In the early 17th century, Richelieu was the principal minister of Louis XIII of France and Olivares was the same for Philip IV of Spain, the two greatest European states of their time. In this interesting parallel biography, concentrating on their ministerial careers, Elliott seeks to show that, although Olivares and Richelieu were enemies, they were similar in many ways. Both were reformers, aiming at the construction of a centralised monarchy; both tried to increase the political influence of their countries, and both held onto power as advisors to weak kings to achieve this. They both led their nations into war to gain European predominance and they had to face military, economic and political crises in fighting wars that continued after their deaths. Elliott may be too keen to show their similarities rather than any differences, but this is the result his comparative treatment.

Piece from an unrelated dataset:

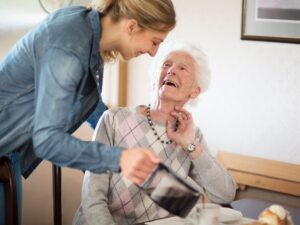 Caregiver pouring coffee for a smiling senior woman – adult day care placement for seniors requiring supervision in Los Angeles.
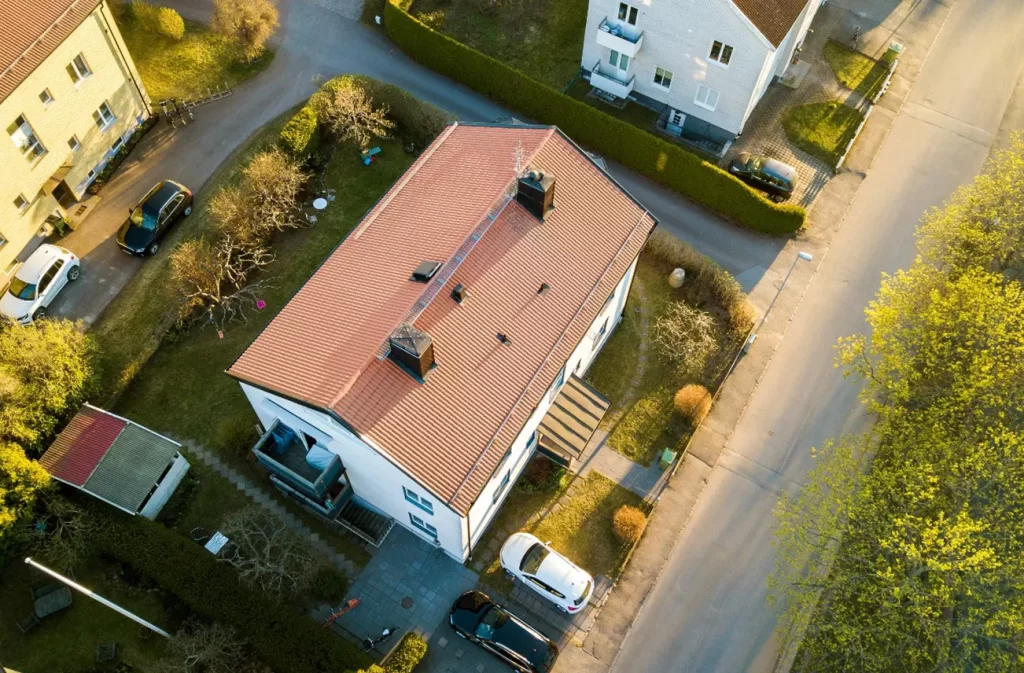 An aerial view of a clean, well-maintained residential roof in Central Florida, showcasing the benefits of Sunstate Roofs' professional roof cleaning services. Using advanced roof cleaning tools and eco-friendly solutions, their residential service is the top choice for 'roof cleaning near central florida' and 'roof cleaning services near central florida.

If Olivares was a statesman of the same rank as Richelieu, why is he now largely forgotten? Part of Elliott's answer is that the problems Olivares faced in Spain were greater than those Richelieu faced in France, particularly the lack of unity between the various territories of the Spanish monarchy and the problems of controlling them. Although this might suggest that he should have concentrated on domestic matters, Olivares embarked on an aggressive foreign policy whose failure led to war with France, and eventually their being on opposite sides in the Thirty Years War, to the frustration of his aims and finally his dismissal. Another element, which Elliott is rather reluctant to concede, is that although Olivares was able and hard-working, Richelieu was more decisive and better able to use any opportunities as they arose. In addition, Olivares faced only slight opposition in Spain until almost the end of his career, but Richelieu faced continual opposition from those who wished for a compromise peace with Spain. On balance therefore, Richelieu was the better statesman and, as France won the war, he is remembered
Elliott's parallel study of the two statesmen is interesting and, in clarifying the significance of Olivares and rescuing him from obscurity, he presents a readable introduction to Olivares for English students. He is obviously the master of his subject and writes clearly and with empathy for his two subjects.